═════ MATERIAL FOR THE TASK
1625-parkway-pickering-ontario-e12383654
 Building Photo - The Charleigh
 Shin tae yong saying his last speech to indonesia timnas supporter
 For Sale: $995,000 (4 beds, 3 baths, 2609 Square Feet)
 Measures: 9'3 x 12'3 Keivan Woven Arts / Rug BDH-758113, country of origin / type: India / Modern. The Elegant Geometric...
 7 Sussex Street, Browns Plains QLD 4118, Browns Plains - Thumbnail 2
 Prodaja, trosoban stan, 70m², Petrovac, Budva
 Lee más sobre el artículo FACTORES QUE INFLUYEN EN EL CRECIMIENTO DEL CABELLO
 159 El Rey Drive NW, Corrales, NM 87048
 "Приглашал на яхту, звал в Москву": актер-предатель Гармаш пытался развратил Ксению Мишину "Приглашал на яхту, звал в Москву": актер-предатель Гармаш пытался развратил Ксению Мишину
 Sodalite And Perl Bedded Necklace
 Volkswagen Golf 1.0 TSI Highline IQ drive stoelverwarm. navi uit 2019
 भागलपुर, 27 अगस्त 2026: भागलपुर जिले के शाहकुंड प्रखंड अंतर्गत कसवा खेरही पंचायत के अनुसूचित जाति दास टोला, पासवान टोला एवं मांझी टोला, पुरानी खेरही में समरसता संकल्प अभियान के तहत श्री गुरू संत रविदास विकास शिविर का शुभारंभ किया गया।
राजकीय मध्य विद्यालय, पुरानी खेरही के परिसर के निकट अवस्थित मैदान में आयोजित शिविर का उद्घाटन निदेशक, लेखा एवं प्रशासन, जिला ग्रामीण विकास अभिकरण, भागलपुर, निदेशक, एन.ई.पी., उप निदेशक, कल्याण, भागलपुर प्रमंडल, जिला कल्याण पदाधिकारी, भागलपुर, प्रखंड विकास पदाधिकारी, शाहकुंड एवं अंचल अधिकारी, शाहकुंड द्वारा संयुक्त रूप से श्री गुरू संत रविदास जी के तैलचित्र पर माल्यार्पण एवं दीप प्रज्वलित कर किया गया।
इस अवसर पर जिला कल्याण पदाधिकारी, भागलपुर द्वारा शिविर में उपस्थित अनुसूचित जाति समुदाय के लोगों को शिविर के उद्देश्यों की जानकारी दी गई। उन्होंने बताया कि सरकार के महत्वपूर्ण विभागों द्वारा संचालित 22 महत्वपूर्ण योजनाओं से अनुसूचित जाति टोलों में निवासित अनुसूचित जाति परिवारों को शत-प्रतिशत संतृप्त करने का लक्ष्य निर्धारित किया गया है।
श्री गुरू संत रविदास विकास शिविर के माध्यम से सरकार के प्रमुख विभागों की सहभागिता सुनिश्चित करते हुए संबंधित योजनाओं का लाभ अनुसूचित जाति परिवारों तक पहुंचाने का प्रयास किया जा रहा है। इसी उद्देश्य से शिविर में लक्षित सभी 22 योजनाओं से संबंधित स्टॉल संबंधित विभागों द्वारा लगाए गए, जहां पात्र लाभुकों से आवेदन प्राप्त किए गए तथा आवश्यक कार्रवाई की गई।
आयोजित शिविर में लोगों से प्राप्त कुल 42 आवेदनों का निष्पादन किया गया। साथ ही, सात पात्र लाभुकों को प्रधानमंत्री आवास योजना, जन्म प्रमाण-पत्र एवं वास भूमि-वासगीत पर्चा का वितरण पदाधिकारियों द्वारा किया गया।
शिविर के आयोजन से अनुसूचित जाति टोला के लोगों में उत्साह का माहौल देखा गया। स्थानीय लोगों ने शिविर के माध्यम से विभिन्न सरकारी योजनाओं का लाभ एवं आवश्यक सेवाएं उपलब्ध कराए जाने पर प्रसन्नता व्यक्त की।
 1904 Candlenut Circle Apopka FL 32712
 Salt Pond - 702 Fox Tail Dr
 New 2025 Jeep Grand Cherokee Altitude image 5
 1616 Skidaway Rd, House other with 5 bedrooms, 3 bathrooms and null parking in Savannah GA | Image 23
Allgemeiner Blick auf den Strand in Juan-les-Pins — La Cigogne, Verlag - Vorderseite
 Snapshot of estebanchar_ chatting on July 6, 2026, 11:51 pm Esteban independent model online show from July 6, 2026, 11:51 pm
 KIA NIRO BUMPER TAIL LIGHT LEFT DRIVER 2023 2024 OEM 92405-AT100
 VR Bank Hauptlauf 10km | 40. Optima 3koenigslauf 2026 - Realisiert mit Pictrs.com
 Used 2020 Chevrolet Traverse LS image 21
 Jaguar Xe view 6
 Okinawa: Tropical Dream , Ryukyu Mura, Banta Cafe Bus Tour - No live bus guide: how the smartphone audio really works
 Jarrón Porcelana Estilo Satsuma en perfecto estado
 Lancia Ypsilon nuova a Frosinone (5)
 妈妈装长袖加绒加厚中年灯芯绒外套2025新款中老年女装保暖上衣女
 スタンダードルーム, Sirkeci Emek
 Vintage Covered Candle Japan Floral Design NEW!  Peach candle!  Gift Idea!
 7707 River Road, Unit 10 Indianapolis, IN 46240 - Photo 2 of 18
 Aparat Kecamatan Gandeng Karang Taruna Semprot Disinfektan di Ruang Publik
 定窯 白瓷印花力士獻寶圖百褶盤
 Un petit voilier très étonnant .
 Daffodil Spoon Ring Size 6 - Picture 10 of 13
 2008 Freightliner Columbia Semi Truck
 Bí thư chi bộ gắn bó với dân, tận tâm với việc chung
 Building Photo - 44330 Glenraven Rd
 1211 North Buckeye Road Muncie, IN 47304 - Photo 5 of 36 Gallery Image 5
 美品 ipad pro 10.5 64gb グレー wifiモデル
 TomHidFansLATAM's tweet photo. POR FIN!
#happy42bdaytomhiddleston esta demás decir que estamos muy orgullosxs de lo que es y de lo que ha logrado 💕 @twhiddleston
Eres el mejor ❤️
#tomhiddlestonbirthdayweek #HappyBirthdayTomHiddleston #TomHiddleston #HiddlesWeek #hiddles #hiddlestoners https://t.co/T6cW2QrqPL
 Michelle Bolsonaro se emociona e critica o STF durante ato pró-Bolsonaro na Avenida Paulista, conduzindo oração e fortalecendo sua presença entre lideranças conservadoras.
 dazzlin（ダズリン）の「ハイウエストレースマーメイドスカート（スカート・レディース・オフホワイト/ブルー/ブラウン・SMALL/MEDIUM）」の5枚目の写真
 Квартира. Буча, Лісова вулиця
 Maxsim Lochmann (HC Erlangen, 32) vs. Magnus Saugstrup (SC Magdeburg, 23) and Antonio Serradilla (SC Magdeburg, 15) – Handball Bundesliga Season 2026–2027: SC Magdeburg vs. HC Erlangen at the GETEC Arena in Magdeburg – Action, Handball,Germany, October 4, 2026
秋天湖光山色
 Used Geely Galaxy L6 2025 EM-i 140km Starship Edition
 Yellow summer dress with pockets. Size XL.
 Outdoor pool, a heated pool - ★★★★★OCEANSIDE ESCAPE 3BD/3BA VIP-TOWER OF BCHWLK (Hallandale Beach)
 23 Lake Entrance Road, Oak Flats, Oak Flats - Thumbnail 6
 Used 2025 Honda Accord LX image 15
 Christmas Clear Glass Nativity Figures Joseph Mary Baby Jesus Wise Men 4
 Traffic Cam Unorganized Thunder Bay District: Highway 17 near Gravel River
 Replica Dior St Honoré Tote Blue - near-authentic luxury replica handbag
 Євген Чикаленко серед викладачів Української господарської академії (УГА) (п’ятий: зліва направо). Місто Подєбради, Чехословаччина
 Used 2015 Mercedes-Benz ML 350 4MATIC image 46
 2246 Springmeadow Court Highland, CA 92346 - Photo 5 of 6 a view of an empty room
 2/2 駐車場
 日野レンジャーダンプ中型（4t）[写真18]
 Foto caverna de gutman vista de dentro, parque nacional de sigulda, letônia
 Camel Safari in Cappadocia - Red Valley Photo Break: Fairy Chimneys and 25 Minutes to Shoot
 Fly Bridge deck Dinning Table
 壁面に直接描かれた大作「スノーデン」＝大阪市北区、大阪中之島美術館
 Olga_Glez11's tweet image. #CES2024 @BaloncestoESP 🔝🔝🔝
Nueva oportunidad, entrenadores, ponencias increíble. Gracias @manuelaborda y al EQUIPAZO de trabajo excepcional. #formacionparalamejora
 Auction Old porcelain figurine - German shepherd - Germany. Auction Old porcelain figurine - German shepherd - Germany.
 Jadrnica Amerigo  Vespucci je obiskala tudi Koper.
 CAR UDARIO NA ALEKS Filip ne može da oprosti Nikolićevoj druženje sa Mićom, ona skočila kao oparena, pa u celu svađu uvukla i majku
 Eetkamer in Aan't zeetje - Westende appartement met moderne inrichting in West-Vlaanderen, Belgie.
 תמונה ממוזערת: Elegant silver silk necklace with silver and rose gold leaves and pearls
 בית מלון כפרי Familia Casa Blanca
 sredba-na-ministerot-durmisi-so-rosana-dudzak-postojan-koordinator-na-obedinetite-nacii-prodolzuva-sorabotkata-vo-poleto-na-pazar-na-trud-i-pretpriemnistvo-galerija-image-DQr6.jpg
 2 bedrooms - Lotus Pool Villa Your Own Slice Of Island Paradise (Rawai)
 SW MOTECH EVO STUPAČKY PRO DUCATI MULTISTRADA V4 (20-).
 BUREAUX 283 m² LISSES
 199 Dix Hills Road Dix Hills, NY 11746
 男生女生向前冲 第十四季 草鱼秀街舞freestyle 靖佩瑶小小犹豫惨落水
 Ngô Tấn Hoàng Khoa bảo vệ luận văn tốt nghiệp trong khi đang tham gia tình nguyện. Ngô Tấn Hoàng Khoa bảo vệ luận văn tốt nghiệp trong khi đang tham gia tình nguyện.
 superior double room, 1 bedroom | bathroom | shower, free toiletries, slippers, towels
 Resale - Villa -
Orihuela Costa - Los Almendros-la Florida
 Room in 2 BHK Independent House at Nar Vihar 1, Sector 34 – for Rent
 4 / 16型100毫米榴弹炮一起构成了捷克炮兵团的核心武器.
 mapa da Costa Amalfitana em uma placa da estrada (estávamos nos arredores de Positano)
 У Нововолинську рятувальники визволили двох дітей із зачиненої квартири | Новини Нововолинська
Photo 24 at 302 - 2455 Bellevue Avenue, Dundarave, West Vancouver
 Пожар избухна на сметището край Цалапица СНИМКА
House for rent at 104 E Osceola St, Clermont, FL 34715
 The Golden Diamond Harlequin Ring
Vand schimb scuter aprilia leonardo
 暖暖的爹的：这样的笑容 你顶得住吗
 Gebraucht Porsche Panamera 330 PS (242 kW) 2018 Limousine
══════════
## TO DO
Everything above from the line containing "Measures: 9'3 x" down to the line containing "श्री गुरू संत रविदास विकास शिविर के" should be copied exactly, both end lines included, and nothing else.

## REPLY
 Measures: 9'3 x 12'3 Keivan Woven Arts / Rug BDH-758113, country of origin / type: India / Modern. The Elegant Geometric...
 7 Sussex Street, Browns Plains QLD 4118, Browns Plains - Thumbnail 2
 Prodaja, trosoban stan, 70m², Petrovac, Budva
 Lee más sobre el artículo FACTORES QUE INFLUYEN EN EL CRECIMIENTO DEL CABELLO
 159 El Rey Drive NW, Corrales, NM 87048
 "Приглашал на яхту, звал в Москву": актер-предатель Гармаш пытался развратил Ксению Мишину "Приглашал на яхту, звал в Москву": актер-предатель Гармаш пытался развратил Ксению Мишину
 Sodalite And Perl Bedded Necklace
 Volkswagen Golf 1.0 TSI Highline IQ drive stoelverwarm. navi uit 2019
 भागलपुर, 27 अगस्त 2026: भागलपुर जिले के शाहकुंड प्रखंड अंतर्गत कसवा खेरही पंचायत के अनुसूचित जाति दास टोला, पासवान टोला एवं मांझी टोला, पुरानी खेरही में समरसता संकल्प अभियान के तहत श्री गुरू संत रविदास विकास शिविर का शुभारंभ किया गया।
राजकीय मध्य विद्यालय, पुरानी खेरही के परिसर के निकट अवस्थित मैदान में आयोजित शिविर का उद्घाटन निदेशक, लेखा एवं प्रशासन, जिला ग्रामीण विकास अभिकरण, भागलपुर, निदेशक, एन.ई.पी., उप निदेशक, कल्याण, भागलपुर प्रमंडल, जिला कल्याण पदाधिकारी, भागलपुर, प्रखंड विकास पदाधिकारी, शाहकुंड एवं अंचल अधिकारी, शाहकुंड द्वारा संयुक्त रूप से श्री गुरू संत रविदास जी के तैलचित्र पर माल्यार्पण एवं दीप प्रज्वलित कर किया गया।
इस अवसर पर जिला कल्याण पदाधिकारी, भागलपुर द्वारा शिविर में उपस्थित अनुसूचित जाति समुदाय के लोगों को शिविर के उद्देश्यों की जानकारी दी गई। उन्होंने बताया कि सरकार के महत्वपूर्ण विभागों द्वारा संचालित 22 महत्वपूर्ण योजनाओं से अनुसूचित जाति टोलों में निवासित अनुसूचित जाति परिवारों को शत-प्रतिशत संतृप्त करने का लक्ष्य निर्धारित किया गया है।
श्री गुरू संत रविदास विकास शिविर के माध्यम से सरकार के प्रमुख विभागों की सहभागिता सुनिश्चित करते हुए संबंधित योजनाओं का लाभ अनुसूचित जाति परिवारों तक पहुंचाने का प्रयास किया जा रहा है। इसी उद्देश्य से शिविर में लक्षित सभी 22 योजनाओं से संबंधित स्टॉल संबंधित विभागों द्वारा लगाए गए, जहां पात्र लाभुकों से आवेदन प्राप्त किए गए तथा आवश्यक कार्रवाई की गई।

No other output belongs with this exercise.